#### PROVIDED MATERIAL:
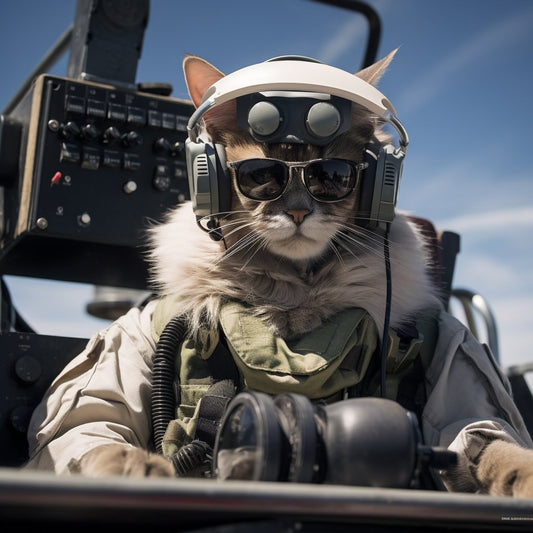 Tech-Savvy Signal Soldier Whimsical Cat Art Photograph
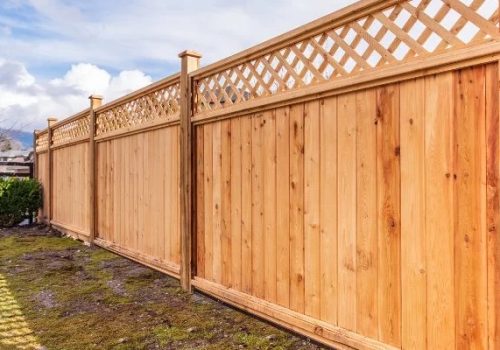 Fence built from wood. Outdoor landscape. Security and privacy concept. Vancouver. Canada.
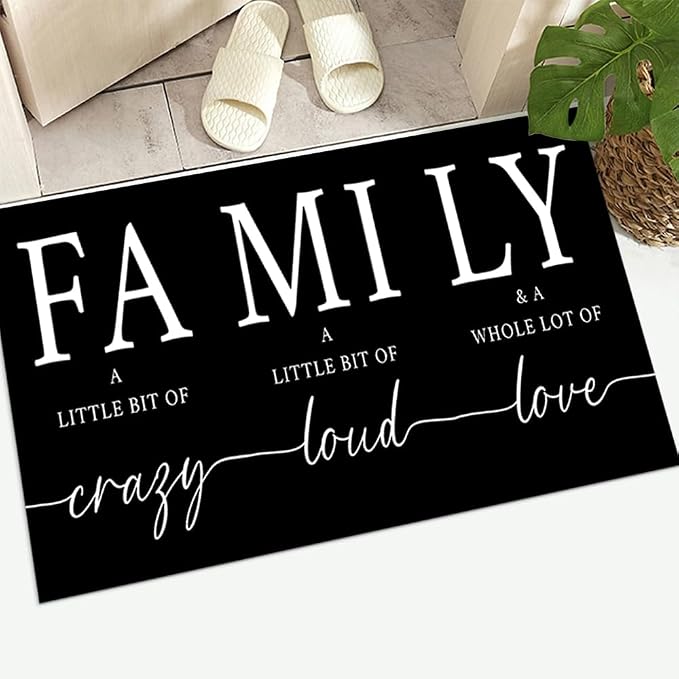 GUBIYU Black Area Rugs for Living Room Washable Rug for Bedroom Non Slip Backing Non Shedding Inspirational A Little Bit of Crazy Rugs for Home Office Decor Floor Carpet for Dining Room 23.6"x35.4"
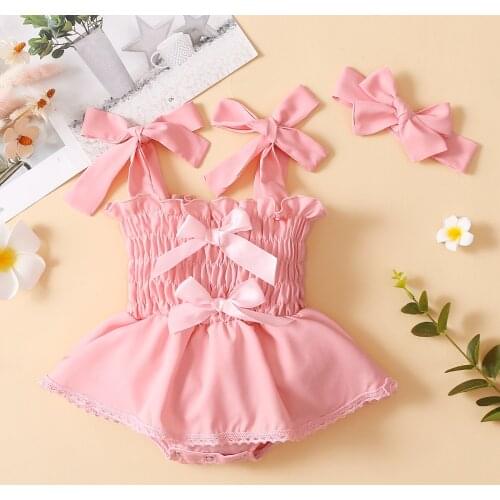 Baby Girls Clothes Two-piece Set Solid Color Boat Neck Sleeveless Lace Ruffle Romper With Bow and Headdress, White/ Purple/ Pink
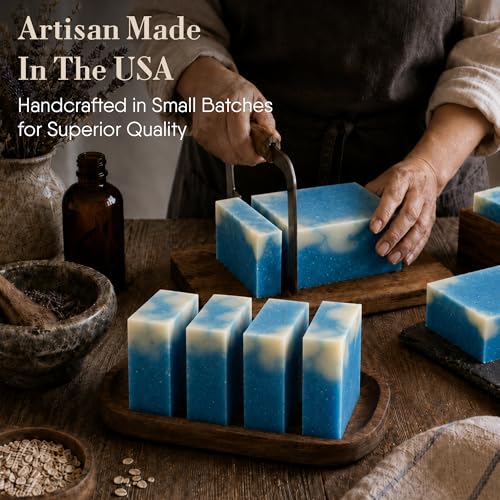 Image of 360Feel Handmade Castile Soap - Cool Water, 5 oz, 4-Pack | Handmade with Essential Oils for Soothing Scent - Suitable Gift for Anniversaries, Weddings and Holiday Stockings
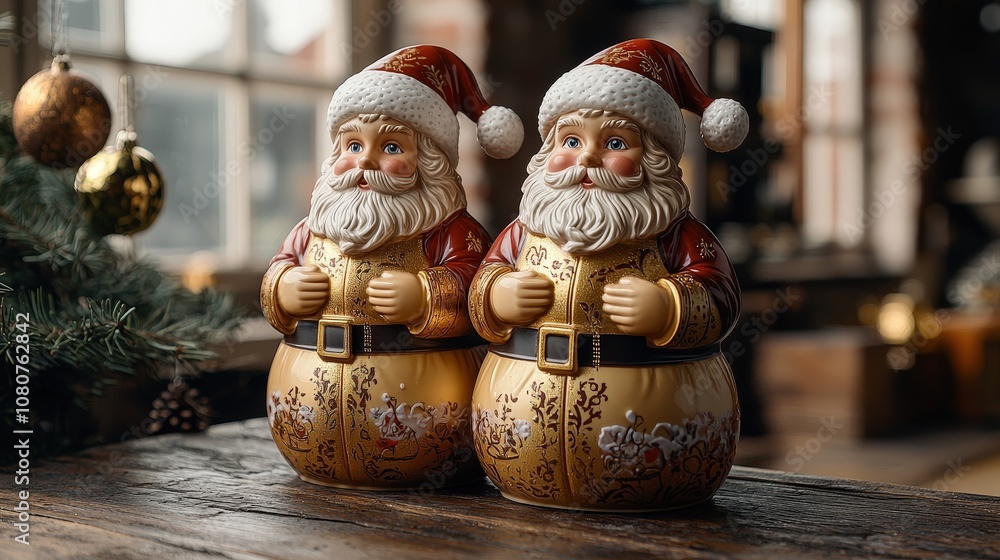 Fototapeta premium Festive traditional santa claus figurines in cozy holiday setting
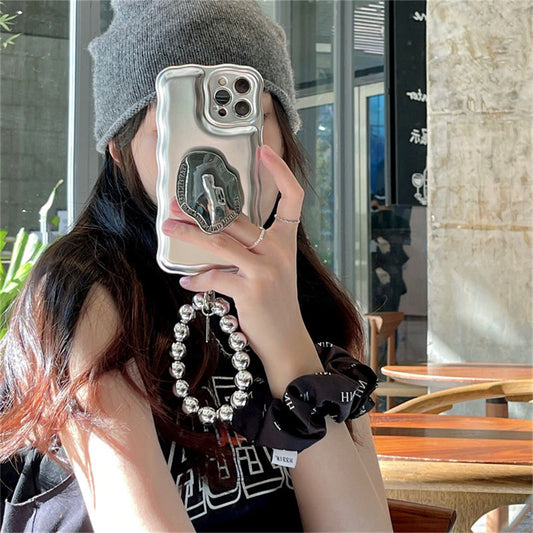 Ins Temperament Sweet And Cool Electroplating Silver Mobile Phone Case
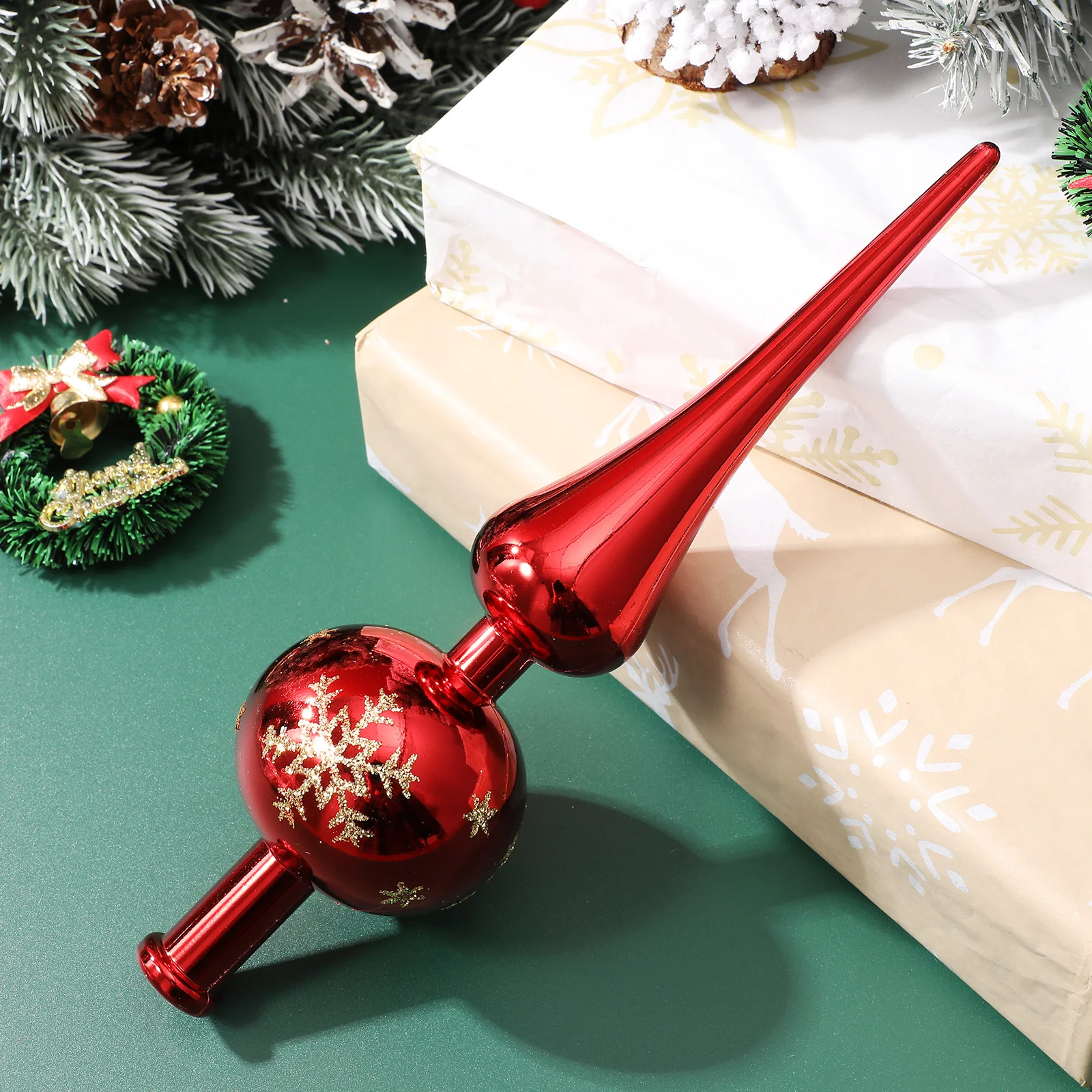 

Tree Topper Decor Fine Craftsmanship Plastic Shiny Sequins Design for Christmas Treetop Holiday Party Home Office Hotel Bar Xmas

--

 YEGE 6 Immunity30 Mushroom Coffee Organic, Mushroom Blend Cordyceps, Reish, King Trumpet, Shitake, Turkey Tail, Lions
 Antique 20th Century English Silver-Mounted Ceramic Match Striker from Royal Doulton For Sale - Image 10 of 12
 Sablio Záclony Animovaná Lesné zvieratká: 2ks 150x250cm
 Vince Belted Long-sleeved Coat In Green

* * *

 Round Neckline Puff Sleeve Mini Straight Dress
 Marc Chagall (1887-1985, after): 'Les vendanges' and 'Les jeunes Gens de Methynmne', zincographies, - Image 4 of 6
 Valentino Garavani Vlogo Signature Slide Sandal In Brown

#### REQUIREMENT:
Because only one stretch of the records is wanted, please output the lines from the one holding "Fototapeta premium Festive" through the one holding "Tree Topper Decor" exactly, both included, and leave every picture out.

#### WRITTEN ANSWER:
 Fototapeta premium Festive traditional santa claus figurines in cozy holiday setting
 Ins Temperament Sweet And Cool Electroplating Silver Mobile Phone Case

Tree Topper Decor Fine Craftsmanship Plastic Shiny Sequins Design for Christmas Treetop Holiday Party Home Office Hotel Bar Xmas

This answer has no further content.